→ **WORK REQUEST**: Look through the entries below and copy exactly the part that begins with the line containing "Royal Worcester Art" and ends with the line containing "Drinking Water’ Sign;". Do not copy the pictures.

→ **DATASET**:
--- --- ---
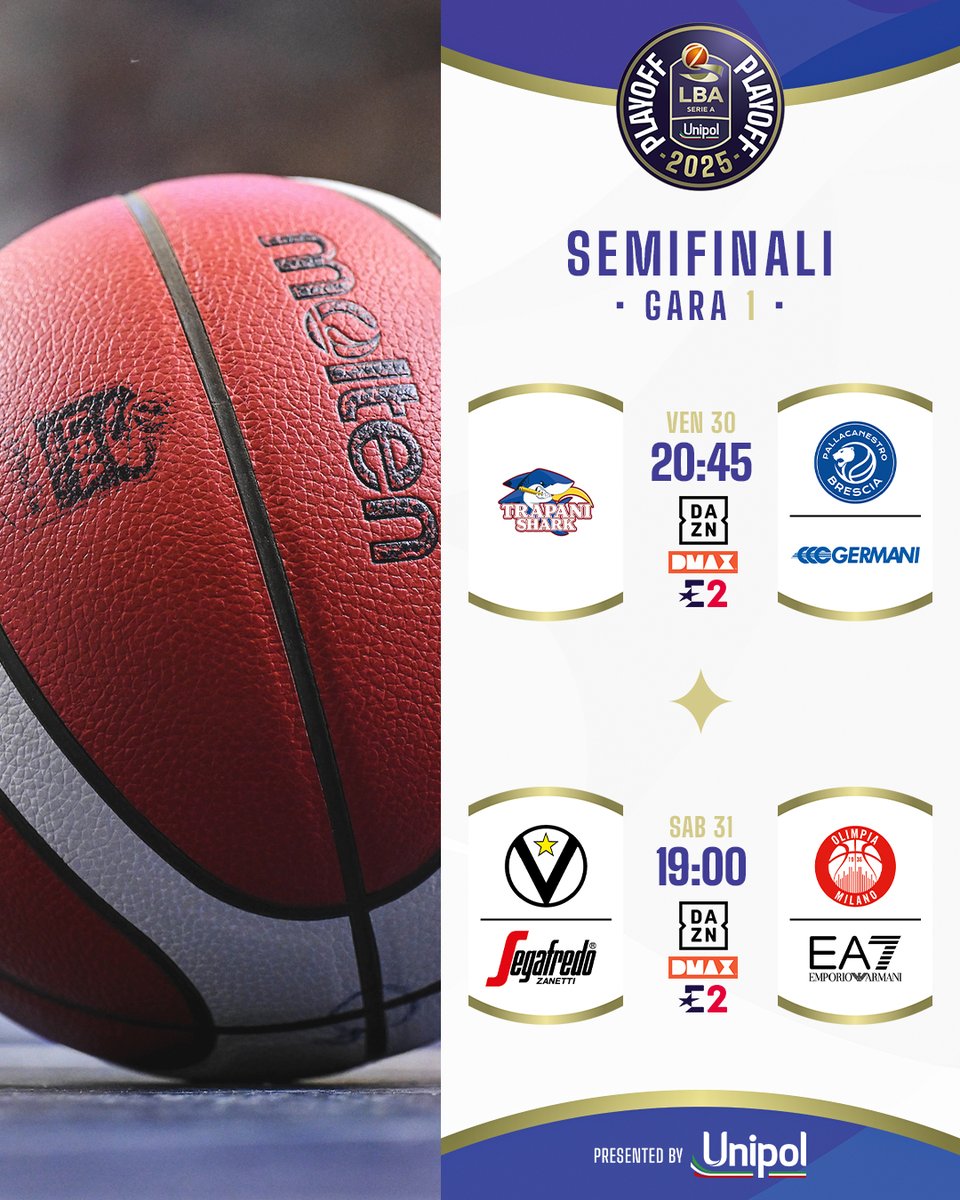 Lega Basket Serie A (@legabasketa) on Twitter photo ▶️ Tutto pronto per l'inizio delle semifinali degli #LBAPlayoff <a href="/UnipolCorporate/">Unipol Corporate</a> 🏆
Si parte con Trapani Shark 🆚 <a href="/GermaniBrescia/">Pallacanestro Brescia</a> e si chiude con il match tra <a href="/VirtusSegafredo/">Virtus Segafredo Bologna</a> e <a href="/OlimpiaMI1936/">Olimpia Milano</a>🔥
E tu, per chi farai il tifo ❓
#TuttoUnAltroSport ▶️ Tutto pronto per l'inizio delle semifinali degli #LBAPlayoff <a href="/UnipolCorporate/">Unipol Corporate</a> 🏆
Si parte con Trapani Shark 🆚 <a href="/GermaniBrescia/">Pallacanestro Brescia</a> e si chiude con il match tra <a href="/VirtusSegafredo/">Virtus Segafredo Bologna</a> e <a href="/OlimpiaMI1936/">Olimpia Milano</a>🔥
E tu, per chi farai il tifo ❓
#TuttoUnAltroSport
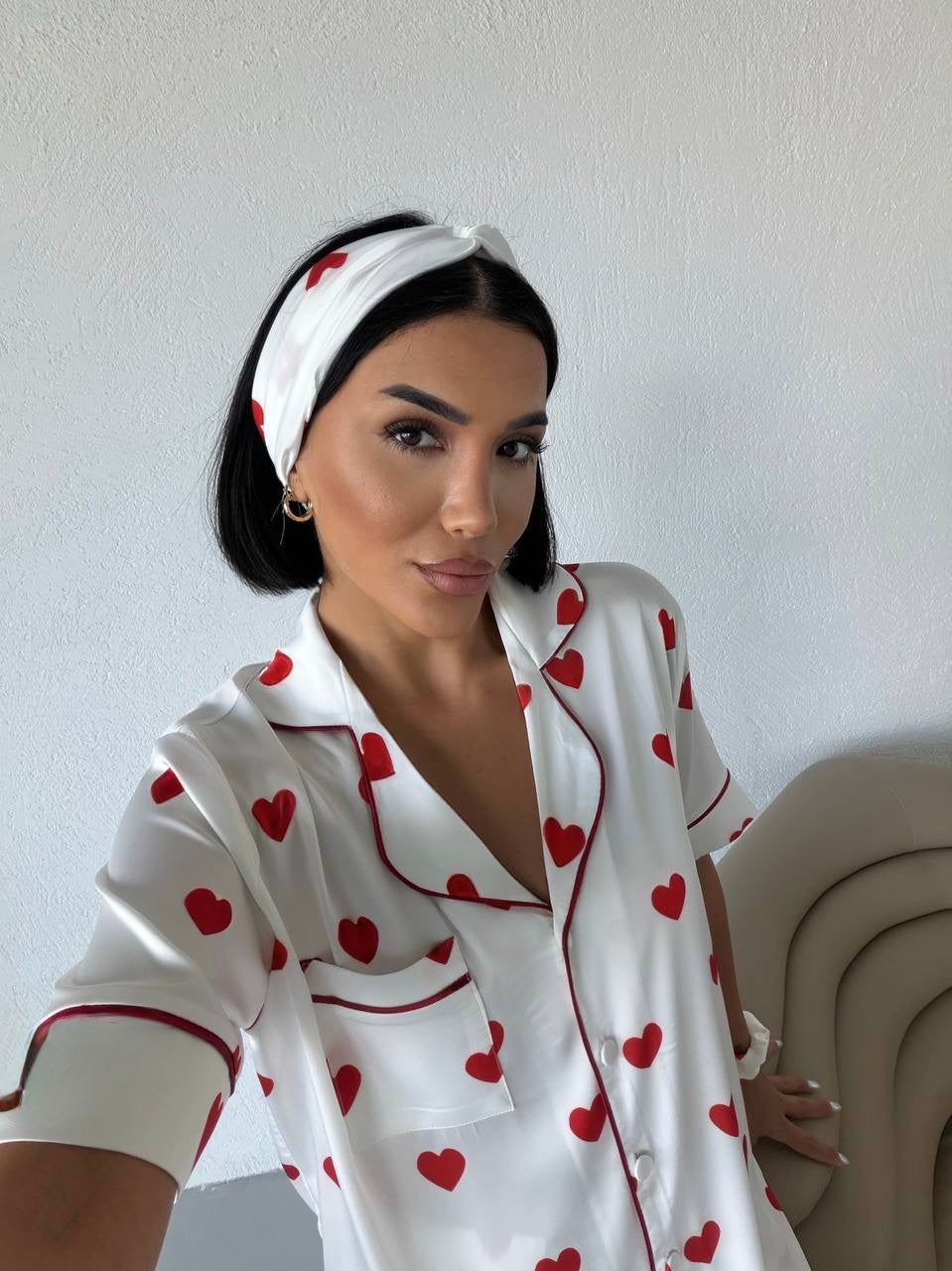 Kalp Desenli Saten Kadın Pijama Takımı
--- --- ---
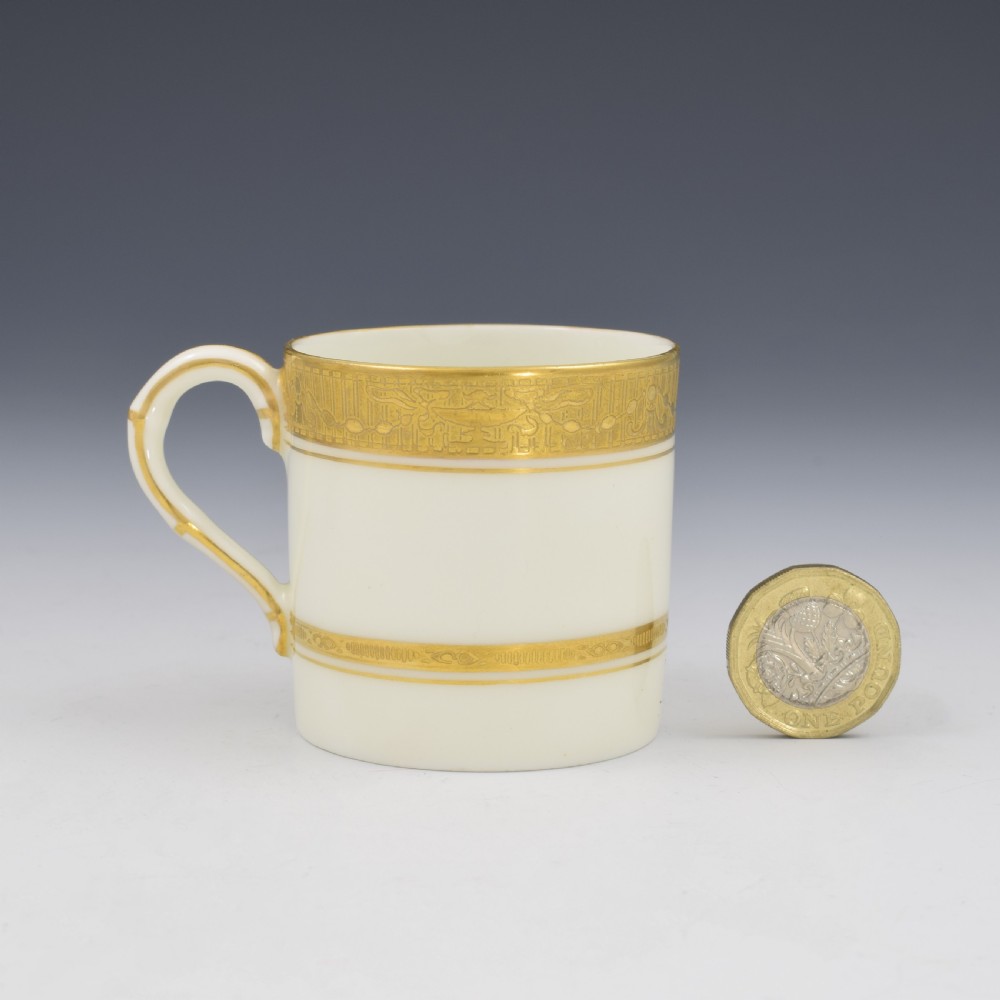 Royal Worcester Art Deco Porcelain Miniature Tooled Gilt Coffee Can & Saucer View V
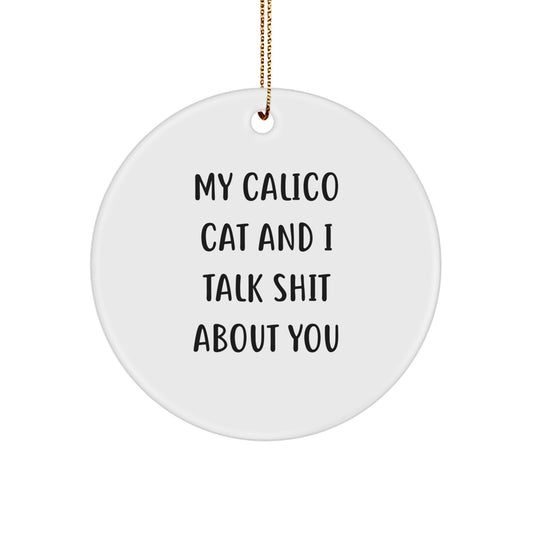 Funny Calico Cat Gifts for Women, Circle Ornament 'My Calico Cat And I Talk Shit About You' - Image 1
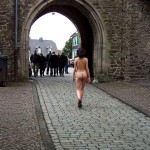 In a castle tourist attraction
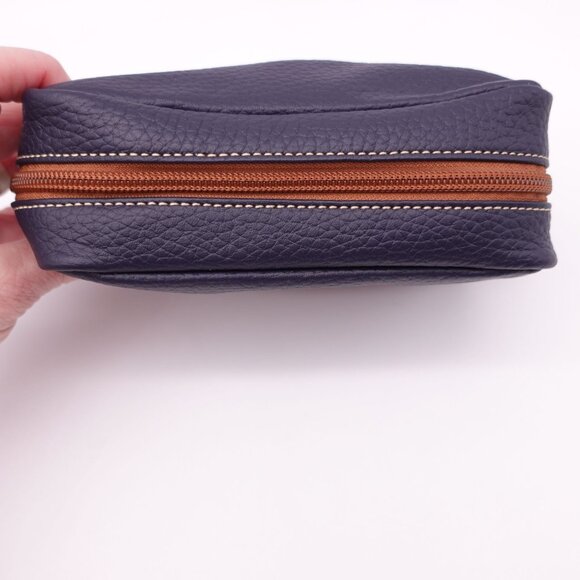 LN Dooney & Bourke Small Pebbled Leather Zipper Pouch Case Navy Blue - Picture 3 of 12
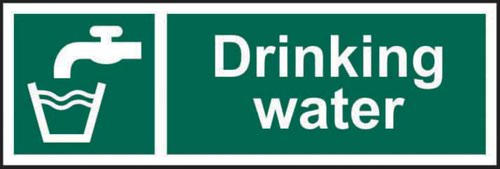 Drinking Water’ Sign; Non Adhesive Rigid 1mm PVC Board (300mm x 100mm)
--- --- ---
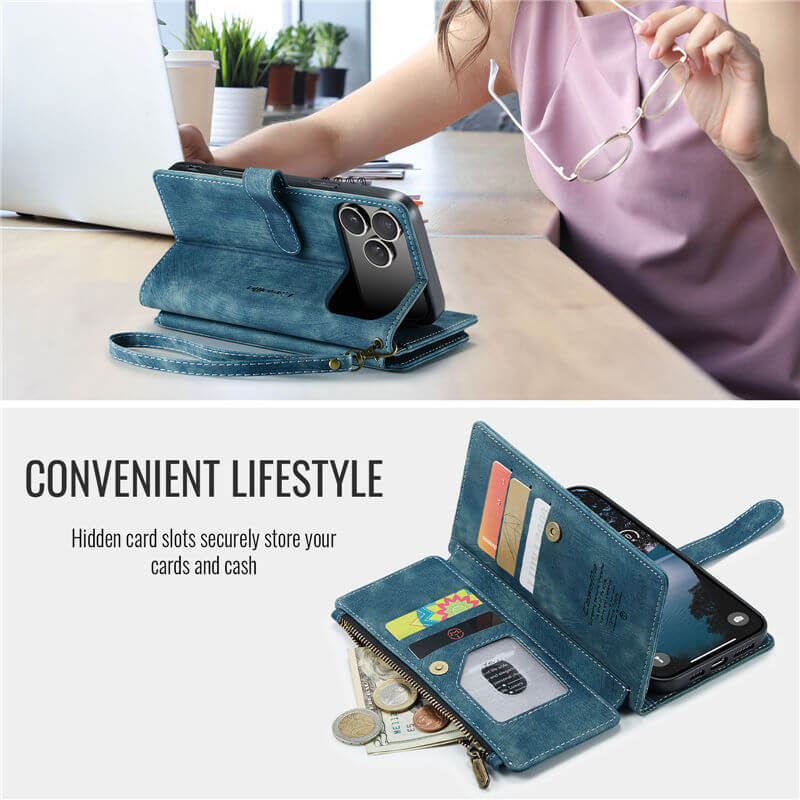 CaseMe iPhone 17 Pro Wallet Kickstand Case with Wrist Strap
--- --- ---
→ **OUTPUT FOR THIS EXERCISE**:
 Royal Worcester Art Deco Porcelain Miniature Tooled Gilt Coffee Can & Saucer View V
 Funny Calico Cat Gifts for Women, Circle Ornament 'My Calico Cat And I Talk Shit About You' - Image 1
 In a castle tourist attraction
 LN Dooney & Bourke Small Pebbled Leather Zipper Pouch Case Navy Blue - Picture 3 of 12
 Drinking Water’ Sign; Non Adhesive Rigid 1mm PVC Board (300mm x 100mm)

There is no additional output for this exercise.